SAO PAULO April 2006
Charles Tang cuts an arresting figure.
He negotiates the uneven Sao Paulo paving stones in his well-cut pin stripe suit, tall, alert, wearing the smile of a man who believes in his vision.
Latin music seeps out from a nearby building, and Tang appears to sway in time with it, a child of the Chinese revolution who walks and thinks like a Brazilian.
He left Mao’s China as a baby, went to Hong Kong, then to the US, became a banker and 30 years ago fell in love with Brazil.
He now chairs the Brazil-China Chamber of Commerce, and has a direct line to the Brazilian and Chinese leadership.
He is also behind a series of initiatives which is setting off alarm bells in Washington, where increasingly China is compared to the Cold War Soviet Union.
‘The Chinese government has removed 400 million people from poverty,’ says Tang, ‘They participate in economic life and live with dignity.’
‘So that could be a model for Brazil?’ I asked.
‘Absolutely’, he said. ‘Because that is the true victory for human rights. That’s what human rights are all about.’
In Tang’s view, the Chinese way of doing things outstrips any formula laid down by Western democracies and the International Monetary Fund. China’s economic growth, for example, is four times that of Brazil.
Since an exchange of visits between Brazil’s left-leaning President, Lula da Silva and China’s President Hu Jintao two years ago, Chinese money has been pouring into Latin America, transport, energy, ports, steel – all under the umbrella of a new strategic partnership.
After meeting Tang, I ended up in the Brazilian heat, shoes clogged with ploughed earth, in a field where sugar cane was being planted.
The cane is made into the bio-friendly fuel ethanol, and Tang wants to broker a deal to sell ethanol to China.
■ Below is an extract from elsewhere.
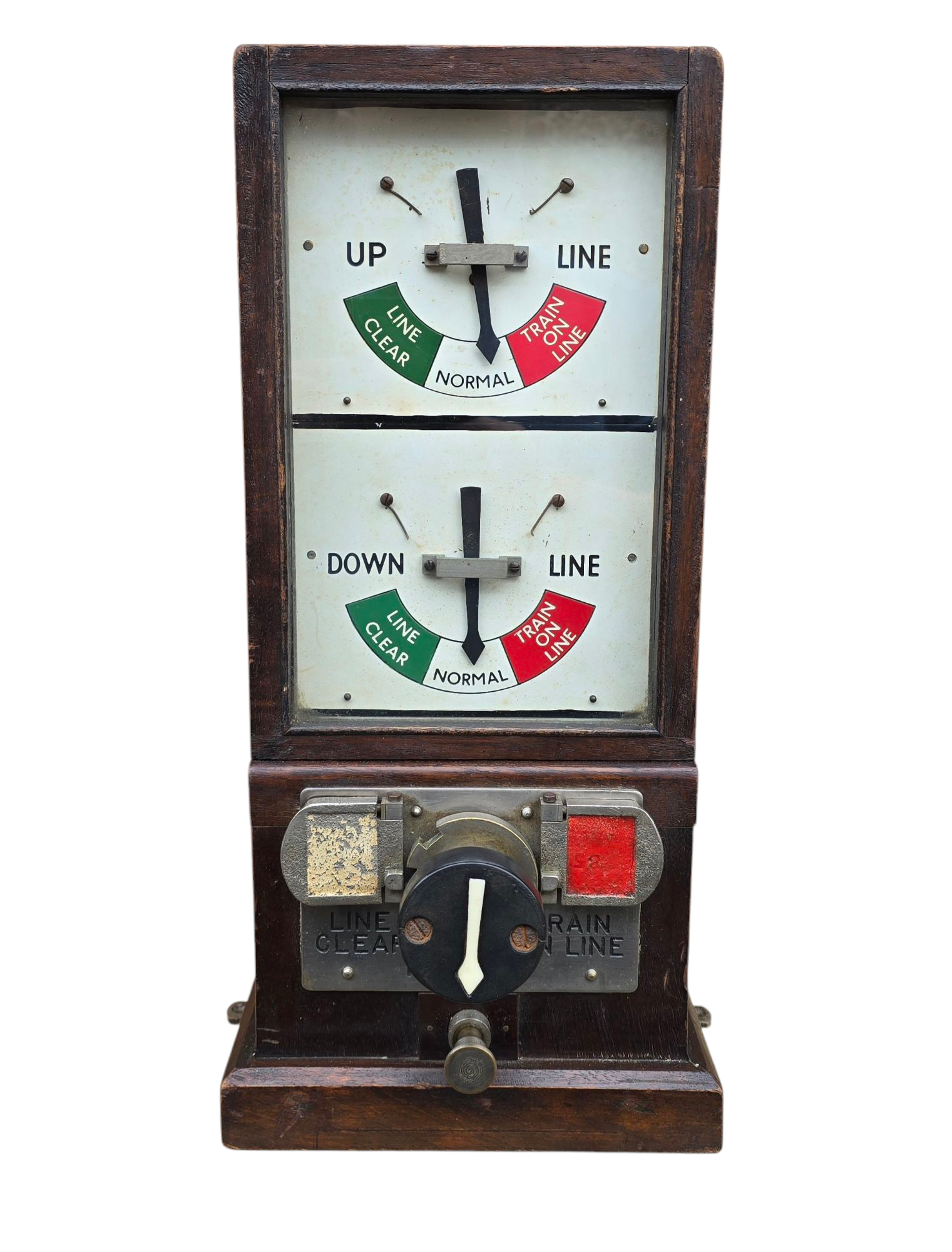 RA 7854 G.W.R. 1947 PATTERN BLOCK INDICATOR EX BEDMINSTER SIGNAL BOX,B ...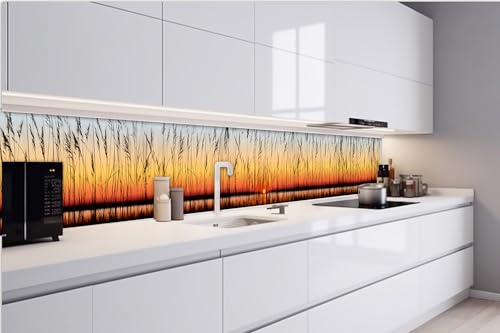 Dimex Küchenrückwand Folie Selbstklebend Schilf 420 x 60 cm | Klebefolie - Dekofolie - Spritzschutz für Küche | Made in EU von Dimex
The workers there, heads covered against the sun, faces grained with a life on the land, get paid seasonally by how much they plant or harvest.
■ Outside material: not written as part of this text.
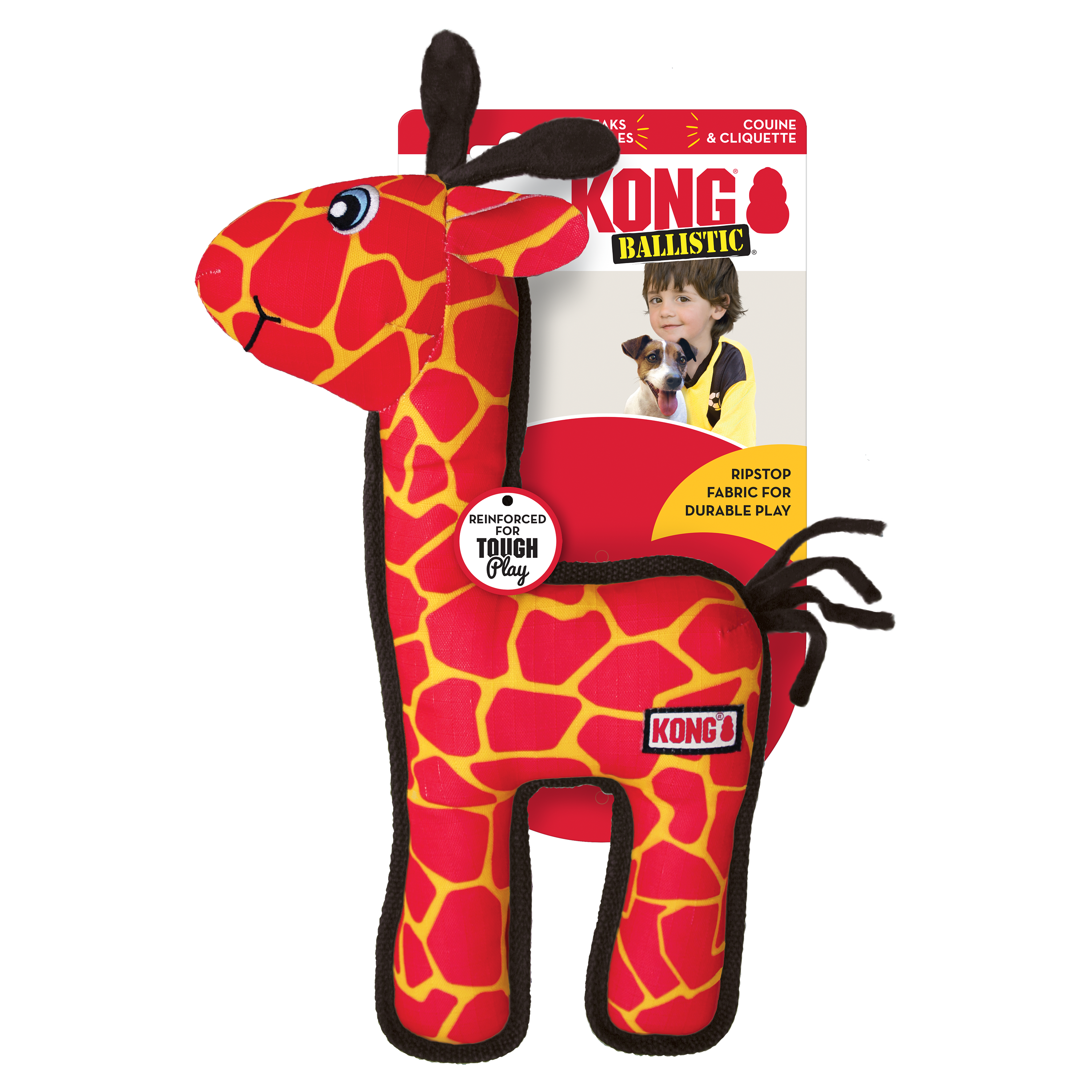 Kong Ballistic Giraffe Medium/Large - HT Animal Supply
‘What about the new markets in China?’ I asked.
They had heard about them.
‘The more work we get, the more money we earn,’ said one of the older men, his expression impassive.
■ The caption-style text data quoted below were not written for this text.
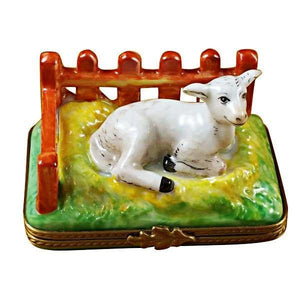 Lamb by Fence limoges box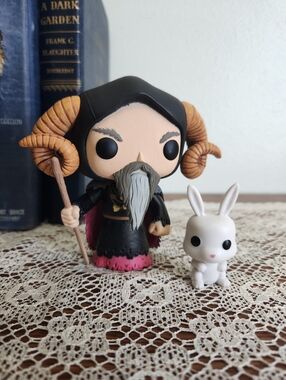 Funko Pop! Tim The Enchanter & Rabbit Figurine - Monty Python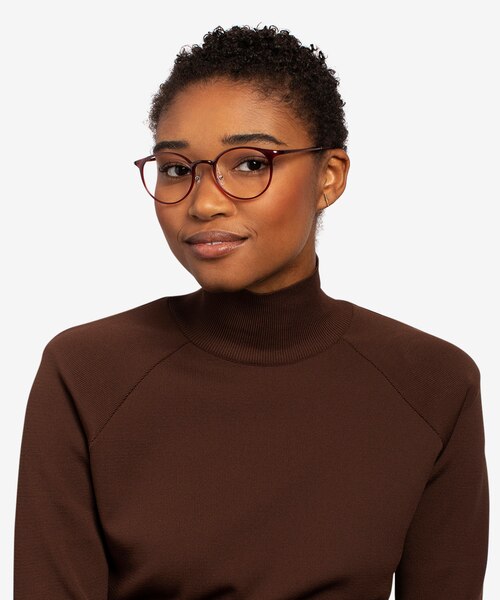 Solace Red PlasticEyeglass Frames for Women from EyeBuyDirect
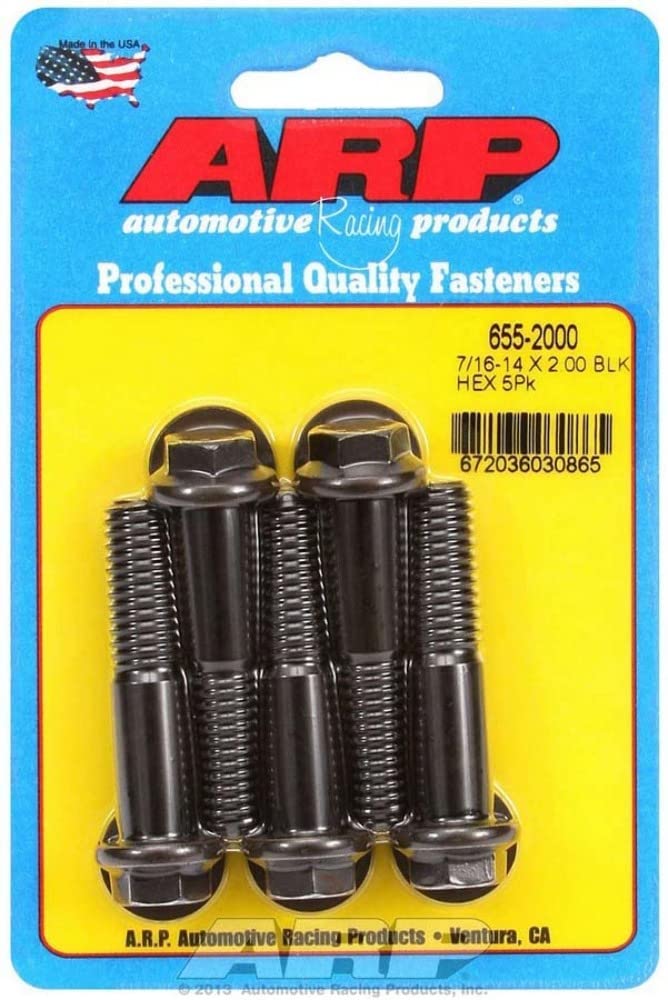 Autoracing Products 655-2000 Bolt Kit - 6pt. (5) 7/16-14 x 2.000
He took off his hat, wiped his brow and stared at the ground. The others nodded.
‘How many of you support Lula?’ I asked.
The manager escorting us nervously pushed dead cane with his foot.
Afterwards, my interpreter explained. ‘They don’t understand politics or political systems. Most of them are illiterate.
‘You’ve got to remember Brazil is a Third World country with one of the world’s widest social gaps.’
The day before, in Sao Paulo, I had been sitting with Francisco Marten, a supermarket worker, whose real interest is politics.
He is a slight man who walks the pot-holed streets of his poor neighbourhood, deep in thought, head down, bag slung over his shoulders.
While we talked, children played barefoot in the road; men drank at a makeshift bar; cheers from a soccer game came over the rooftops.
Francisco was once a supporter of President Lula. Now, feeling betrayed by him, he has joined a hard left movement, the Socialist Urban Workers Party.
‘What about this political mood in Latin America with all these left-wing leaders winning?’ I asked.
‘More of it will happen,’ he says. ‘It’s about education. It is a cry from the people to invest in education so they can move on and know about their rights.’
Francisco clarified two apparently separate strands – from Charles Tang and from the sugar cane workers – that have become that single thread which has made Washington sit up and take notice.
The previous week I had been in the US capital hearing Dan Burton the Republican Congressman who chairs the committee on Latin America.
He was telling me communist Chinese money coupled with the rise of leftist leaders were worrying him.
‘Chavez, Castro, Ortega, Morales in Bolivia and their connection with communist China,’ he said. ‘I think we need to pay particular attention to that.’
As far back as 1823, the United States introduced a policy for Latin America known as the Monroe Doctrine, decreeing that no foreign power could have more influence there than the US itself. It was last used in earnest during the Cold War.
‘Is there a line which you wouldn’t let China cross?’ I asked Mr Burton.
‘There are already military exchanges and hardware being sold, or given, to Latin American countries,’ he said.
‘We’re watching that very closely and deciding on what we would do if and when things go too far.’
He paused, then went on to underline his point.
‘We should always look at Latin America in relation to the Monroe Doctrine.
‘It’s extremely important that we don’t let a potential enemy of the United States become a dominant force in this part of the world.’